Western foodies have sunk their teeth into Vietnamese banh-mi and Hong Kong egg waffles, plus gobbled down bowl after bowl of Japanese ramen.
But could the next Asian food trend to take the West by a storm be a humble Chinese breakfast favourite - the jianbing?
Reuben Shorser, the co-founder of one of the first companies to bring the food to New York, Jianbing Company, certainly hopes so.
The jianbing is a kind of Chinese crepe - without the pretensions.
Every morning in mainland Chinese cities such as Beijing and Shanghai, jianbing makers pull their tiny carts to street corners and whip up the pancake-like food before their customers’ eyes, which are sold for about 10 yuan (US$1.45) or less.

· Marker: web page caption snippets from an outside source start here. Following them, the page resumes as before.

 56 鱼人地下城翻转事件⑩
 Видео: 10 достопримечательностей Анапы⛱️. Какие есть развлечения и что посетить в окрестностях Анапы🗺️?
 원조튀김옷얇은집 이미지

The breakfast favourite, which usually contains spring onion, coriander, egg and a crispy cracker, is now being sold by companies in London, Sydney and a handful of American cities, and has been highlighted as one of the hottest new food trends by New York food website Taste Talks.
Business appears to be going well for New York’s jianbing vendors - the founder of former Hong Kong-based company Mr Bing, Brian Goldberg, plans to open two bricks-and-mortar shops in New York in the coming months.

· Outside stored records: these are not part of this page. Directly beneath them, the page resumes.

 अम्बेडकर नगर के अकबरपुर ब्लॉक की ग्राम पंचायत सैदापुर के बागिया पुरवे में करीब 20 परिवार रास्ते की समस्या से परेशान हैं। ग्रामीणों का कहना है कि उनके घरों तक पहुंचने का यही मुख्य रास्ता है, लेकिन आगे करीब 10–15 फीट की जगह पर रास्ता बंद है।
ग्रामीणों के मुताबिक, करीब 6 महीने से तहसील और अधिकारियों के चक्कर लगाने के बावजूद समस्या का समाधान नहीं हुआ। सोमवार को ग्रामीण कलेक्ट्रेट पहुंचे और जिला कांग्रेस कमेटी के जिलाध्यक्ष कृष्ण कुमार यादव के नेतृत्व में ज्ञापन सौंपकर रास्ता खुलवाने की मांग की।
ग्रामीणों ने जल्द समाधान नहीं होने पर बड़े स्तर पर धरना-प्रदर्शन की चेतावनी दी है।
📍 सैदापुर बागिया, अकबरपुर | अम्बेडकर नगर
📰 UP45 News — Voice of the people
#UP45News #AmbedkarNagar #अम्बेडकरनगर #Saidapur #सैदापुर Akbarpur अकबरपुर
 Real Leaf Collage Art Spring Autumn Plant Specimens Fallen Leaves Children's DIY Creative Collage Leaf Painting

“Some chefs are trying to make it as familiar and essential a part of the city’s food scene as tacos and falafel,” The New York Times noted in March.

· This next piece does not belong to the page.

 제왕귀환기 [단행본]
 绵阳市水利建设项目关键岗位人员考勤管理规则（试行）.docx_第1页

Shorser’s jianbing starts at US$8 - well over five times the price in China. Customers can pay extra to add free-range lemon-garlic chicken, pasture-raised hoisin-lime beef, 13 spice pork or organic honey-ginger tofu, a dramatic upgrade on the processed sausage on offer at your typical Chinese street vendor.
New York native Shorser first got a taste for the Chinese pancake while he was studying Putonghua at Beijing Normal University six years ago.
“I thought it was amazing, I’d never had anything like it,” he told the South China Morning Post over the phone from New York. He began mastering his own jianbing technique while working for a consulting company in Shanghai, learning tricks from a man who sold them near his office, before buying a griddle and testing his recipe out on his co-workers.
“They thought I was crazy. They were like, ‘why is he making jianbing, he works at a consulting company’.”
Last April, Shorser and his long-time friend and Princeton University roommate Tadesh Inagaki launched their company at Smorgasburg, a food market in Brooklyn, New York.
They sell hundreds on Saturday and Sunday and the company is growing. They are launching their permanent shop in June and adding other treats like fried egg pancake to the menu.
Long term, Shorser hopes to have locations in multiple cities.
Very few people had heard of the Chinese street food and many of their customers are still first time eaters, Shorser said.
“When they’re just looking at it, they’re really amazed by it.”
Shorser makes the Shandong province style of jianbing where the thick dough has to be spread by a paddle, rather than the Tianjin style where the more-liquid batter is poured with a ladle onto the griddle before being spread with a wooden stick.
There has been a mixed response to the idea of a Westerner setting up a Chinese jianbing shop, with his friends in China largely supporting the idea while Chinese-Americans are sometimes less impressed.
“When we first started, there were some Chinese-Americans questioning whether we could make an authentic jianbing,” he said.
He got around the issue by describing his jianbing as “Shanghai-inspired street food”, striking a balance between staying true to the original and appealing to his American customers, many of whom are eating for lunch not breakfast.
It’s not the first Asian food to get picked up by trendy foodies in the West and given a fusion treatment.
While Shorser struggled to answer why this might be happening, beyond New Yorkers being always on the hunt for the next cool thing, he says the way the food is created before the customer’s eyes is part of the appeal.
“That’s a very important part of the experience. We’re trying to preserve that feeling from China.”
Shorser sees a bright future for jianbing - even if it’s a few years off being as popular as the banh mi sandwich is in New York.
“I think there’s some momentum that’s developing around a trend here. At least that’s what I’m hoping for,” he quipped.
“We’re watching the very beginning right now.”